START ENTRIES SHOWN

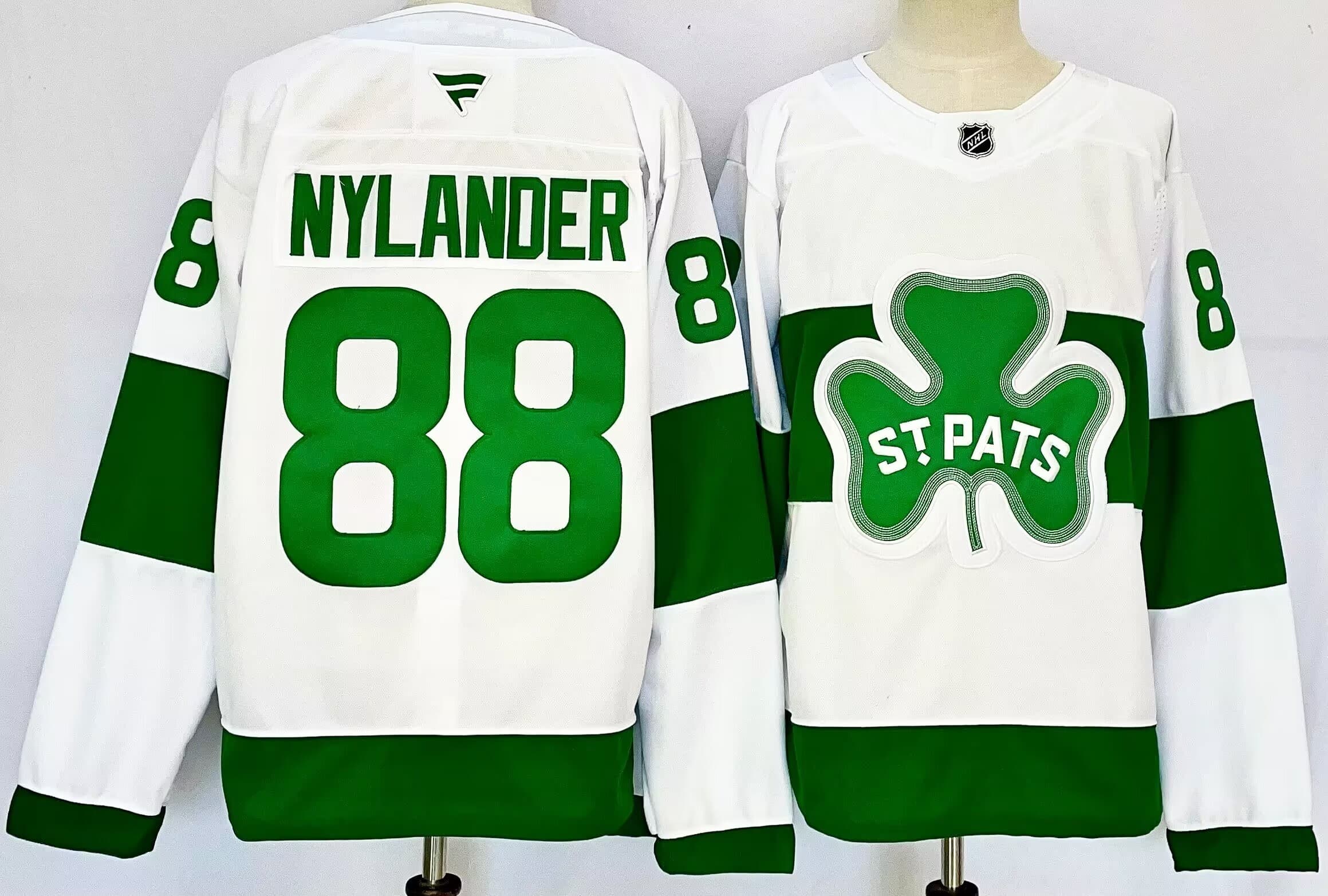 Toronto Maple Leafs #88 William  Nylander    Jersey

END ENTRIES SHOWN
START ENTRIES SHOWN

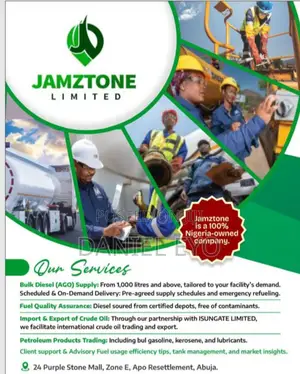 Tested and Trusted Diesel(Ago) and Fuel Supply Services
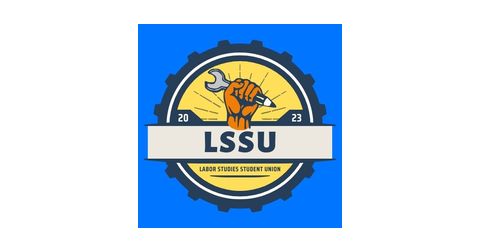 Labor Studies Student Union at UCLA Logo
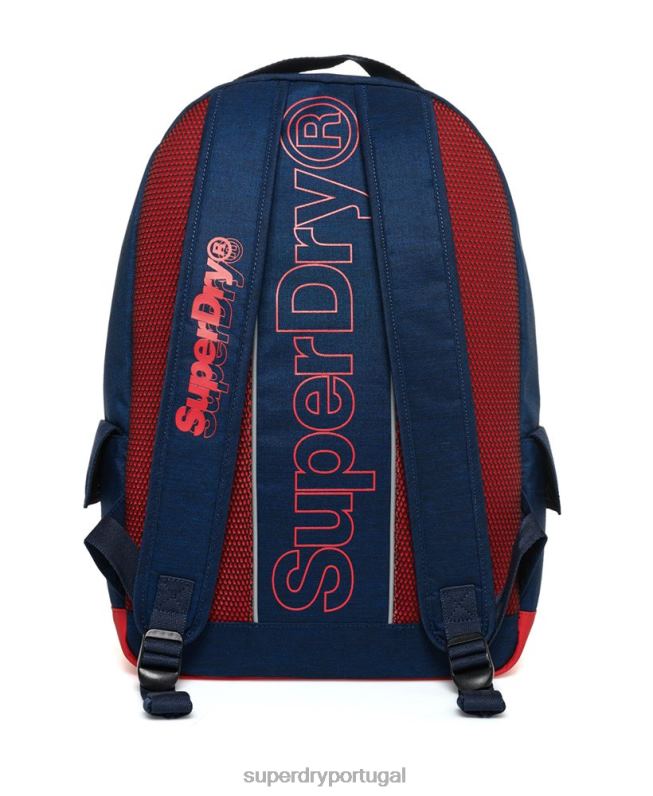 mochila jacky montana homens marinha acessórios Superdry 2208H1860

END ENTRIES SHOWN
START ENTRIES SHOWN

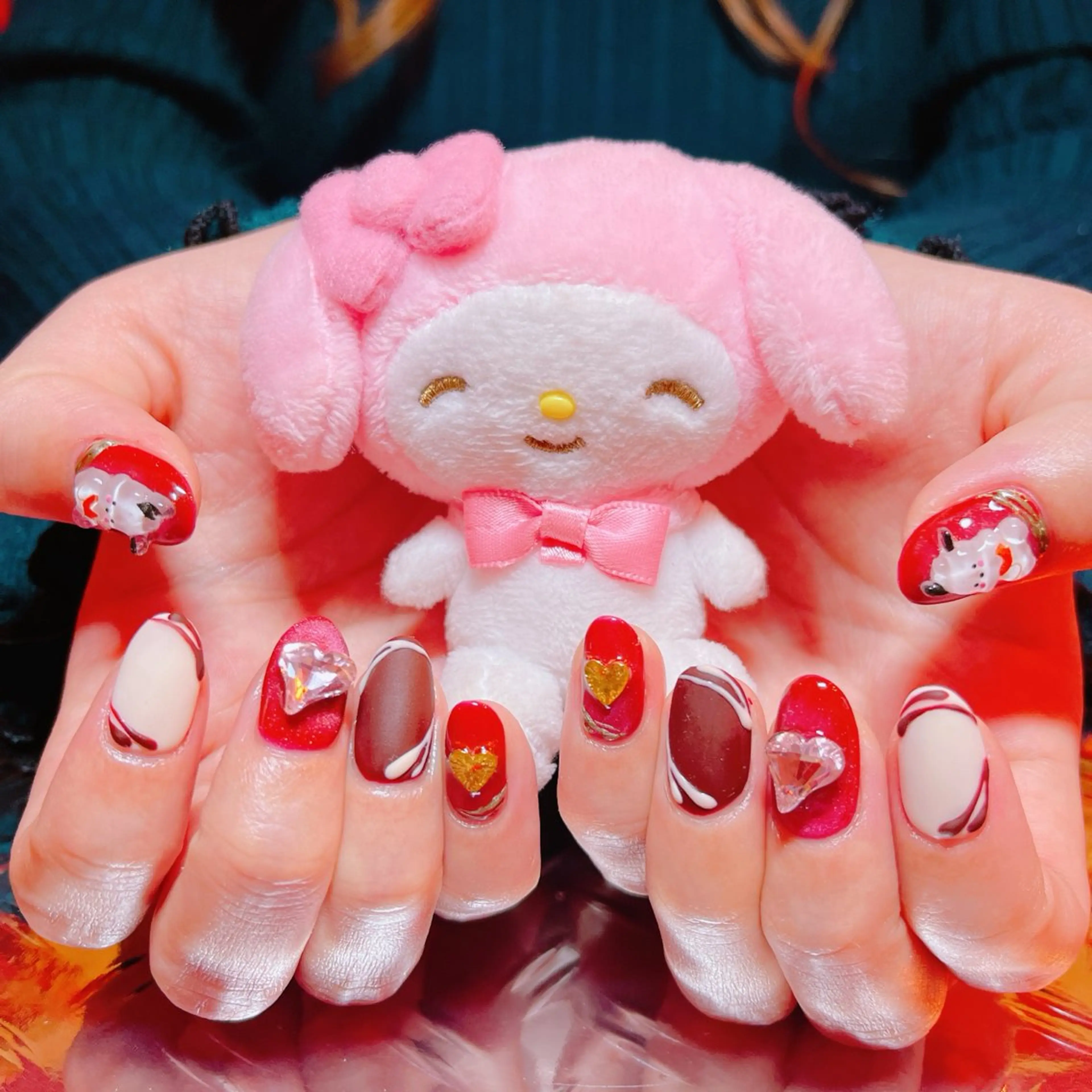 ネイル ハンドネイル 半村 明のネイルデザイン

END ENTRIES SHOWN

▸ WORK REQUEST
What is needed is an exact copy of the lines above, from the one holding "Labor Studies Student Union at UCLA Logo" down to the one holding "mochila jacky montana", with those two included and the pictures left out.

▸ FINISHED EXERCISE
 Labor Studies Student Union at UCLA Logo
 mochila jacky montana homens marinha acessórios Superdry 2208H1860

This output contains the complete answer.